Nous devons rappeler que le but principal de la gestion des pêches est d’assurer la durabilité des ressources marines et des entreprises qui les exploitent, en assurant, en même temps, des apports suffisants pour les consommateurs. A cet égard, on doit veiller à ce que la pêche soit adaptée à la capacité de renouvellement des espèces, ainsi qu’aux règles du marché (largement mondialisé). Cet objectif s’inspire bien sûr des différents accords internationaux que sont la Conférence des Nations Unies sur le Droit de la Mer (CNUDM) de 1982, l’accord des Nations-Unies sur les stocks chevauchants de 1995 et le code conduite pour une pêche responsable (FAO 1995).

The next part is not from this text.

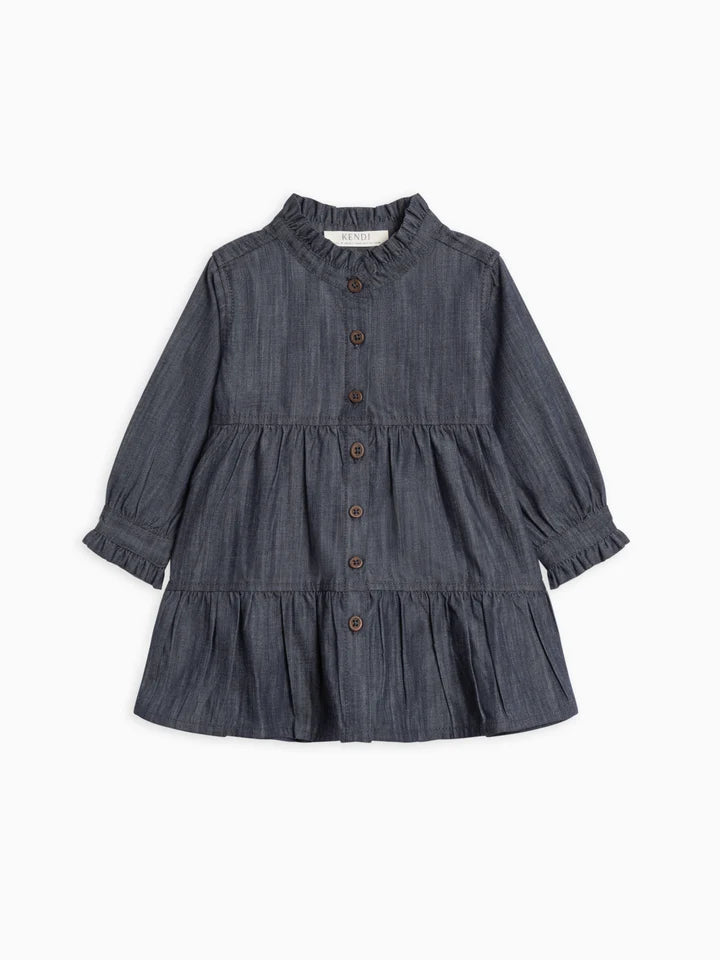 Tula Chambray Ruffle Shirt Dress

L’exploitation durable des pêcheries est fondée sur un ensemble cohérent de mesures de gestion, qui visent à assurer la préservation d’une quantité suffisante de reproducteurs appartenant à plusieurs classes d’âge, afin que soient atténué l’effet sur les stocks, de conditions environnementales défavorables.
L’administration des pêches devrait donc, en priorité, s’atteler au respect des dispositions du code de la pêche maritime en relation avec le CRODT. Elle ne doit pas se préoccuper uniquement de délivrer des licences, sans faire, périodiquement, l’état des stocks de poissons.